Today we're making time to come together and improve things.
A lot of this has to do with recent announcements about funds and systems being developed to help the many farmers who have lost some or all of their crops over the course of this year. Since FEMA funds are restricted to infrastructure, the Bay State is finding the funds to help its farmers through other means. One of them is the Massachusetts Farm Resiliency Fund, which sees its structure rooted in The United Way. Another is the very recently proposed supplementary budget through the State senate.
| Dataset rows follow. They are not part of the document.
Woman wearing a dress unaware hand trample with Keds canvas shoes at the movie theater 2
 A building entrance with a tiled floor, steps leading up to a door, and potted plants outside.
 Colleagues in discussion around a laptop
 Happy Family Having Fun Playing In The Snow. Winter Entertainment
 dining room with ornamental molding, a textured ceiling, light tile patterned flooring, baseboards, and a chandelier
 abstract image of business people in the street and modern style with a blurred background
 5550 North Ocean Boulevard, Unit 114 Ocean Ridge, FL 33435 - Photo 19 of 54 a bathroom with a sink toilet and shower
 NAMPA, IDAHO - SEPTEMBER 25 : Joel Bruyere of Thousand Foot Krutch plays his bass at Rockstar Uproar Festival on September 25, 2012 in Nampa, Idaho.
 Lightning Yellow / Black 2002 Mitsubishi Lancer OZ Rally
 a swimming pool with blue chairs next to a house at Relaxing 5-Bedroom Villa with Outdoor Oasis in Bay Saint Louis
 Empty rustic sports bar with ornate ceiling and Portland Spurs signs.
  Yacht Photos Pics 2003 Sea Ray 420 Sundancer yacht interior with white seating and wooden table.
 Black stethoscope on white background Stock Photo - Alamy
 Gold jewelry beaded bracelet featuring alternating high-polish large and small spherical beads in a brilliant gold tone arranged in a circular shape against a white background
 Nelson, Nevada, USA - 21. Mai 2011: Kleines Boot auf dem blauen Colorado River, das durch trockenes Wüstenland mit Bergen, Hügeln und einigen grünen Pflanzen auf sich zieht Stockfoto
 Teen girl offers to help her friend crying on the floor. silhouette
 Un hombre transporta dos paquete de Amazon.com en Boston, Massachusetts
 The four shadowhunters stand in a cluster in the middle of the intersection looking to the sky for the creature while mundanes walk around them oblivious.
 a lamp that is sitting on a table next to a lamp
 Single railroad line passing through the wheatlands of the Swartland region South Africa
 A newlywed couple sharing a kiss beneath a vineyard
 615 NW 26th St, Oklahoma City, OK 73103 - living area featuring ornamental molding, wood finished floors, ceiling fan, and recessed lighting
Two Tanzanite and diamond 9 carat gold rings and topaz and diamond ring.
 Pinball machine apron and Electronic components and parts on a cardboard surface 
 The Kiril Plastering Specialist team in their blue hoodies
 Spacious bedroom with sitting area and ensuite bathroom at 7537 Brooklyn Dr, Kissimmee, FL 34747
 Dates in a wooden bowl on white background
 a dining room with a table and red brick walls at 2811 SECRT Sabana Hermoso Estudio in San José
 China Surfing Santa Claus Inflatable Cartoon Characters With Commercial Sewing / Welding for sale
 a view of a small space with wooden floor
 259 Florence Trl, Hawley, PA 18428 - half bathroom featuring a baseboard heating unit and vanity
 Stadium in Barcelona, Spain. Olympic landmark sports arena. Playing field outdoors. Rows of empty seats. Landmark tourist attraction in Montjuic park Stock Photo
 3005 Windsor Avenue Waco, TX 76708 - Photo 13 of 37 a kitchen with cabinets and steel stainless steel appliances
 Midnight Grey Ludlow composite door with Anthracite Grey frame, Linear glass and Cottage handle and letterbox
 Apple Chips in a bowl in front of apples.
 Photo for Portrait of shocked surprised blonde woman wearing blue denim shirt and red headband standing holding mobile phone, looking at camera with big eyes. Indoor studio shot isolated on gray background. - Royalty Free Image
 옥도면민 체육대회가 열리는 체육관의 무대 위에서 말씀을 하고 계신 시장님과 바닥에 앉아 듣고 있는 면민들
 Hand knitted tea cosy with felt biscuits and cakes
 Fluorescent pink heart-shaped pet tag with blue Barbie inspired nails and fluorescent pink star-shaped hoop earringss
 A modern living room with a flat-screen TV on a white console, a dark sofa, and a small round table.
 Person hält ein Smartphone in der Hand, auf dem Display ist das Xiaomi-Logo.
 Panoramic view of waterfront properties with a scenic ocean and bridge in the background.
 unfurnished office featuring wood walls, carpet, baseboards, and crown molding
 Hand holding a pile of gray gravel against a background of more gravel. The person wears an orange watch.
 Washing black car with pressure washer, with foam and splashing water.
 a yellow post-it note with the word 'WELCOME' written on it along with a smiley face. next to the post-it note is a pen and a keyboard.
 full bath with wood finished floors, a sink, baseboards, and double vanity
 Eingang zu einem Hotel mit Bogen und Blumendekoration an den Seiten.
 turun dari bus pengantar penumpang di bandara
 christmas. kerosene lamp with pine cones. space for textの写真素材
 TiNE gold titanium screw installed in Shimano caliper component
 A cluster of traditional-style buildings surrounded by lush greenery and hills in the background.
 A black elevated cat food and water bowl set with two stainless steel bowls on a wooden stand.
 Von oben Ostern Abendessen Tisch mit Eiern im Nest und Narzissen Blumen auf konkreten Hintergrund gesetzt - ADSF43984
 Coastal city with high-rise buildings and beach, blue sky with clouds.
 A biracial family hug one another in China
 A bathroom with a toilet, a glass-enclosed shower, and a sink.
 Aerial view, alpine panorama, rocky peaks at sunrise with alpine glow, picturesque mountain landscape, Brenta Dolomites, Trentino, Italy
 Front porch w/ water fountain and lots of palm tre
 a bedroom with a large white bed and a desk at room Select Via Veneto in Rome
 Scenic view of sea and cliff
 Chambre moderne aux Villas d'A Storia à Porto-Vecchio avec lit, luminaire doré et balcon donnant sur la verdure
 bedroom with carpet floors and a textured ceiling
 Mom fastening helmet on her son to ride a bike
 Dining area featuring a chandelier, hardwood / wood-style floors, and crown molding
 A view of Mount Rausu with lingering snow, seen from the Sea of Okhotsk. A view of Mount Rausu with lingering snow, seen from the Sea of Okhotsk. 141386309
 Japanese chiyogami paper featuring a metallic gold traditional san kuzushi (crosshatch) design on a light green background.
Each seeks to address different aspects of this growing loss and devastation, and we speak with Tim Garvin of the United Way of Central Massachusetts, as well as Senator Jo Comerford, and Senate President Karen Spilka about the purpose of each endeavor as well as why it's important to handle a calamity of this nature by working in tandem from different angles.
It's also in the kismet of a new library and an equally new president. It's the 100th anniversary of Calvin Coolidge's inauguration. His official presidential library, which resides within Forbes Library, is celebrating the occasion of our 30th president with an event we are fondly dubbing: Calvinmania. We speak with vice president of the Calvin Coolidge Library and Museum Standing Committee Bill Scher, and librarian and archivist Julie Bartlett Nelson about the local connections that still pervade Northampton's landscape.
And it's in pop culture making the most interesting mashups. Such is the case with Barbenheimer: a colloquialization of both the fact that the Barbie and Oppenheimer movies were released on the same day, and the idealized double feature one might partake of due to this fact. We talk with Mr. Universe, Salman Hameed about the importance of both films alongside local filmmaker Bob Krzykowski.